Lczero Neural Network Chess Benchmarks With OpenCL Radeon vs. NVIDIA
Yesterday I posted a number of Lczero chess engine benchmarks on NVIDIA GPUs using its OpenCL back-end as well as its CUDA+cuDNN back-end, which offered massive performance gains compared to CL on the many tested NVIDIA GPUs. With the CUDA+cuDNN code performing so much better than OpenCL, some wondered whether NVIDIA was intentionally gimping their OpenCL performance. Well, here are results side-by-side now with Radeon GPUs on OpenCL.
With the interesting LCZero chess engine being available now by the Phoronix Test Suite, I carried out some additional tests of this chess engine powered by neural networks while running on a Ryzen Threadripper 2990WX and re-testing all of the NVIDIA cards with OpenCL as well as the Polaris/Vega Radeon cards while running ROCm 2.0.
From the earlier article has the CUDA+cuDNN results for those interested while this is just the OpenCL look. Additionally, a reference run was carried out with the LCZero BLAS back-end while making use of OpenBLAS on the Ryzen Threadripper 2990WX for seeing how the CPU-based performance compares for this open-source project.

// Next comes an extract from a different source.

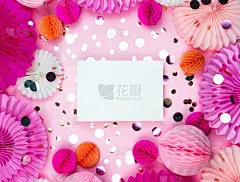 粉色派对装饰，五彩纸屑，上面的明信片模型。问候横幅，卡片模板，明亮的彩色背景剪贴画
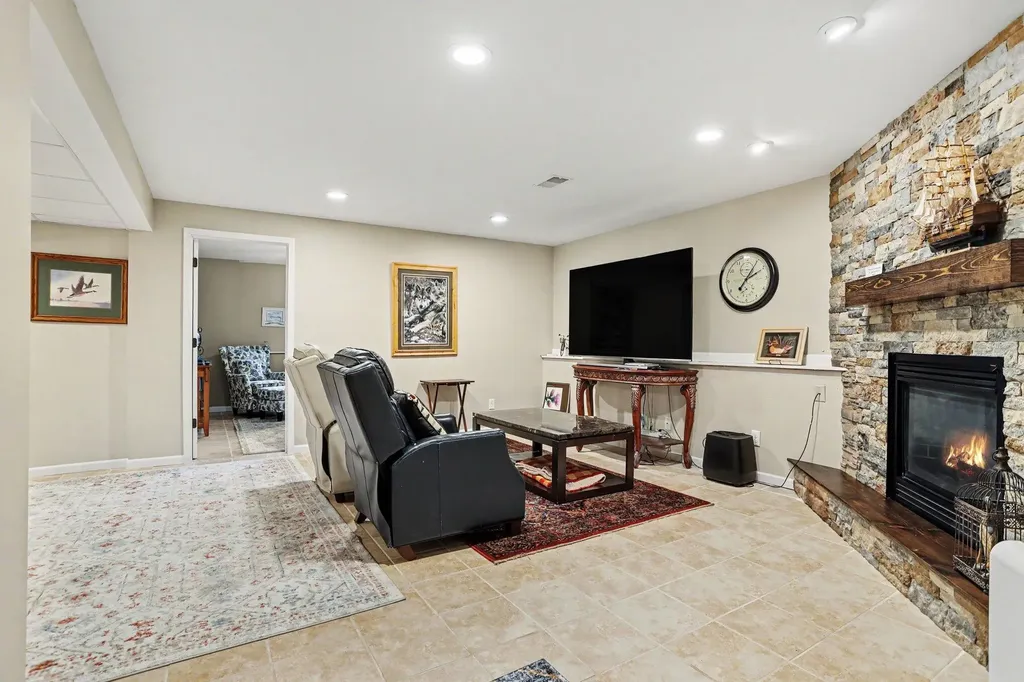 174 Hickory Hills Marshall Township MI 49068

The Radeon OpenCL performance with LCZero was coming in well short of expectations. Keep in mind the NVIDIA results were still done using OpenCL while if switching over to the CUDA+cuDNN back-end the results can be multiple times faster especially with FP16 on the NVIDIA Turing hardware, as shown in yesterday's article. The Radeon/Polaris data itself was rather odd given the positioning of the cards, either due to an LCZero and/or ROCm 2.0 shortcoming.

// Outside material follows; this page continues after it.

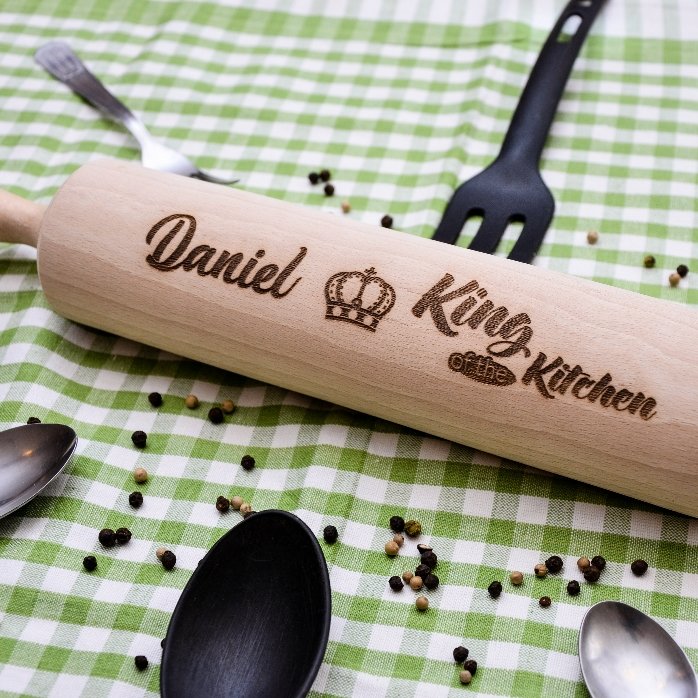 Drewniany wyciskacz do cytryn z personalizacją – King of the Kitchen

It's very well possible the LCZero code isn't as tuned as their CUDA code-base, but at least these results appear to show that NVIDIA isn't intentionally crippling their OpenCL driver to make CUDA look better, well, if they are the ROCm performance is just even more drastically behind. Regardless, at least OpenCL out of either GPU vendor is much faster than running this neural network chess benchmark on the CPU with OpenBLAS. Those wanting to try out LCZero on your own system can install the Phoronix Test Suite and run phoronix-test-suite benchmark lczero. Certainly lczero is most worthwhile for now with the CUDA+cuDNN back-end for drastically better performance.